Amazon SageMaker AI (omni-sagemaker-cuda)¶
The SageMaker image serves on port 8080 and accepts vLLM flags via SM_VLLM_* environment variables. Each variable is converted to the
corresponding vLLM flag (e.g., SM_VLLM_MAX_MODEL_LEN=4096 → --max-model-len 4096). Boolean values follow shell convention: true becomes a bare
flag (SM_VLLM_ENFORCE_EAGER=true → --enforce-eager), and false omits the flag entirely.

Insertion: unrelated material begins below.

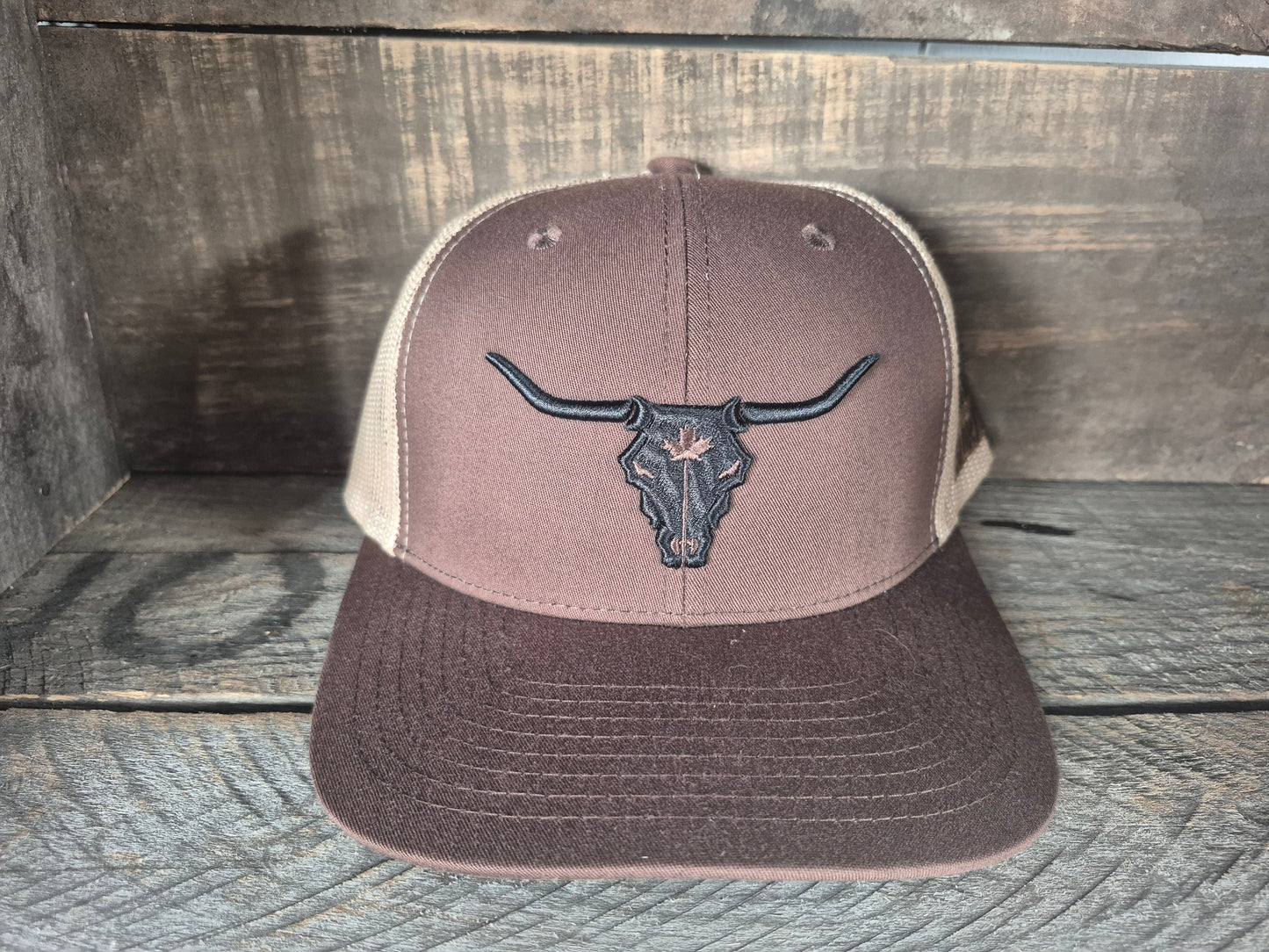 Casquette | Shack Story Classique | Brun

| Variable | Description | Default |
|---|---|---|
SM_VLLM_MODEL |
Model ID or path (auto-detected from /opt/ml/model or HF_MODEL_ID if unset) |
— |
SM_VLLM_TENSOR_PARALLEL_SIZE |
Number of GPUs | 1 |
SM_VLLM_MAX_MODEL_LEN |
Maximum sequence length | Model default |
SM_VLLM_GPU_MEMORY_UTILIZATION |
Fraction of GPU memory to use | 0.9 |
SM_VLLM_ENFORCE_EAGER |
Disable CUDA graphs | false |
SM_VLLM_TRUST_REMOTE_CODE |
Allow custom model code | false |
HF_MODEL_ID |
Hugging Face model ID (fallback when SM_VLLM_MODEL is unset and /opt/ml/model is empty) |
— |
HF_TOKEN |
Hugging Face token for gated models | — |
VLLM_ENABLE_CUDA_COMPATIBILITY |
Enable CUDA 13 forward compatibility for hosts with older NVIDIA drivers | 0 |
Known Limitations¶
- Voice-clone TTS (Qwen3-TTS-Base) is slower in v1.1 than v1.0 due to an upstream Code2Wav decode-chunk un-batching regression. Preset-voice TTS is unaffected. Fix is merged upstream and will land in the next release.
- CosyVoice3 requires
--trust-remote-codeand ~32 GB host RAM during model load. Useg6e.xlargeor larger. - Stable-Audio-Open output is capped at ~47 seconds per request by the model itself. For longer clips, run multiple requests and concatenate client-side.
- First-request latency on SageMaker. TTS, audio, and video models can exceed the 60s real-time invoke timeout due to
torch.compilewarmup. Use async inference or retry after warmup.